Databases 11 min read

Choosing the Right Date/Time Storage in MySQL and PostgreSQL

When storing dates in MySQL or PostgreSQL, avoid VARCHAR fields and select between DATETIME (no time‑zone, larger range) and TIMESTAMP (UTC conversion, smaller range) based on whether automatic time‑zone handling and the 2038 limit suit your application, with Unix timestamps as a high‑performance alternative.

Java Tech Enthusiast
Java Tech Enthusiast
Java Tech Enthusiast
Choosing the Right Date/Time Storage in MySQL and PostgreSQL

Storing time information is a fundamental requirement in software development. The choice of MySQL date‑time types directly affects data accuracy, storage efficiency, query performance, and system stability.

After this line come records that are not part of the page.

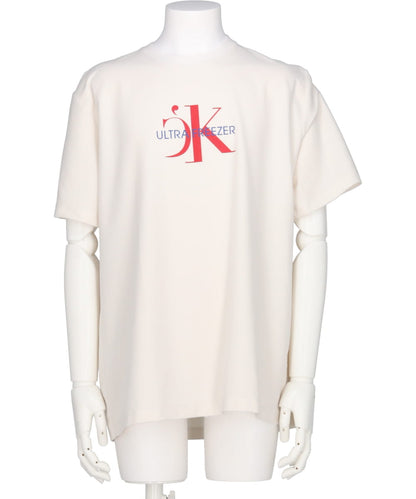 ULTRA FREEZER PRINT T-SHIRT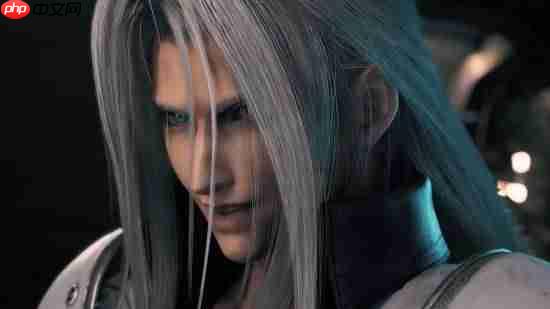 NS2版《最终幻想7:重制版Intergrade》宣传片来了!试玩Demo已上线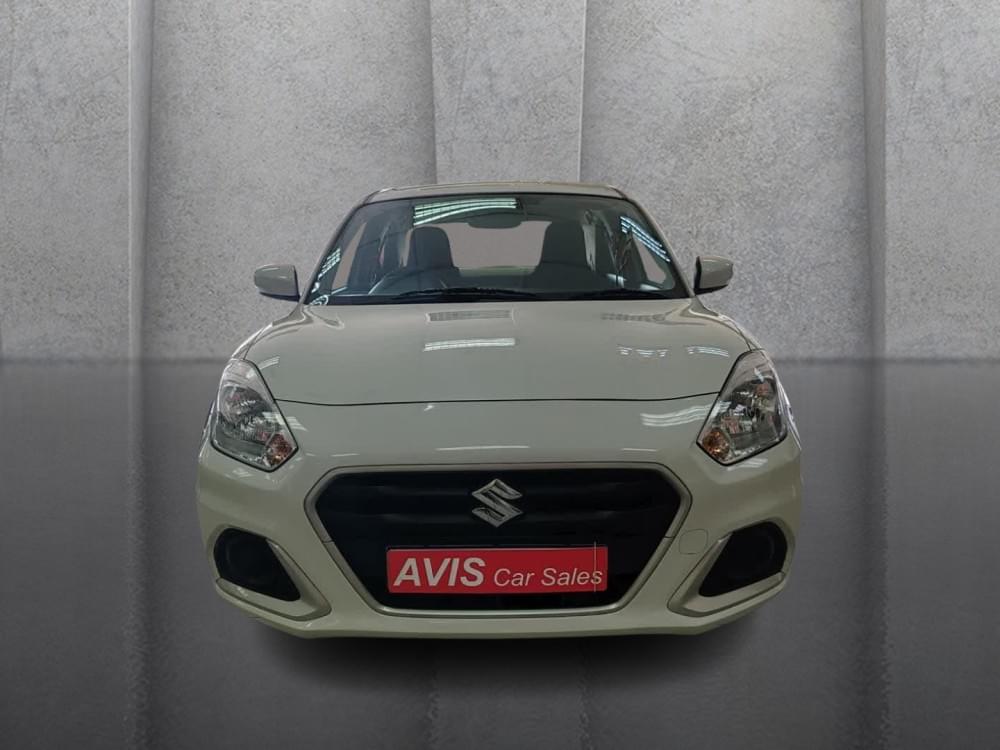 Suzuki Dzire 1.2I Ga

Avoid storing dates as strings. Using VARCHAR for dates wastes space, makes comparisons inefficient, limits the use of built‑in date functions, and results in poor index performance.

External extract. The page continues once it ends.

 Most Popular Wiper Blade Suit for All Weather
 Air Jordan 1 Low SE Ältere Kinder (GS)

DATETIME vs TIMESTAMP. DATETIME stores the literal date‑time value without any time‑zone information. TIMESTAMP converts the input to UTC on write and converts back to the session time‑zone on read, making it suitable for multi‑time‑zone applications.

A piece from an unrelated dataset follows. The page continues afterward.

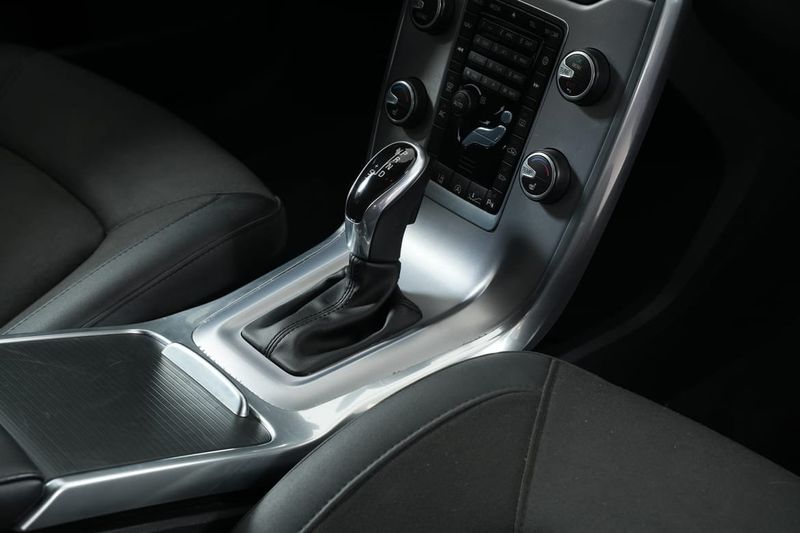 Volvo V70 bild 13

CREATE TABLE `time_zone_test` (
  `id` bigint(20) NOT NULL AUTO_INCREMENT,
  `date_time` datetime NULL,
  `time_stamp` timestamp NOT NULL DEFAULT CURRENT_TIMESTAMP ON UPDATE CURRENT_TIMESTAMP,
  PRIMARY KEY (`id`)
) ENGINE=InnoDB DEFAULT CHARSET=utf8;

Inserting a row with the session time‑zone set to UTC+0:

INSERT INTO time_zone_test(date_time,time_stamp) VALUES(NOW(), NOW());

Querying the data in the same session returns identical values for both columns. After changing the session time‑zone to UTC+8:

SET time_zone = '+8:00';

the time_stamp column is automatically displayed in the new zone, while date_time remains unchanged.

PostgreSQL equivalents. PostgreSQL does not have a DATETIME type. TIMESTAMP WITHOUT TIME ZONE behaves like MySQL DATETIME , and TIMESTAMP WITH TIME ZONE (or TIMESTAMPTZ ) corresponds to MySQL TIMESTAMP , handling UTC conversion automatically.

Comparison summary. Roughly:

DATETIME: 5‑8 bytes, no time‑zone, range 1000‑01‑01 ~ 9999‑12‑31.

TIMESTAMP: 4‑7 bytes, includes time‑zone, range 1970‑01‑01 ~ 2038‑01‑19.

Numeric Unix timestamp: 4 bytes, no time‑zone, range from 1970‑01‑01 onward.

Selection recommendations.

Use TIMESTAMP when the application needs automatic time‑zone handling and the 2038 limitation is acceptable.

Choose DATETIME for scenarios without time‑zone conversion or when dates beyond 2038 are required.

Consider a numeric Unix timestamp for maximum comparison performance and cross‑system compatibility, accepting reduced readability.

There is no one‑size‑fits‑all solution; developers should pick the type that best matches their specific business requirements.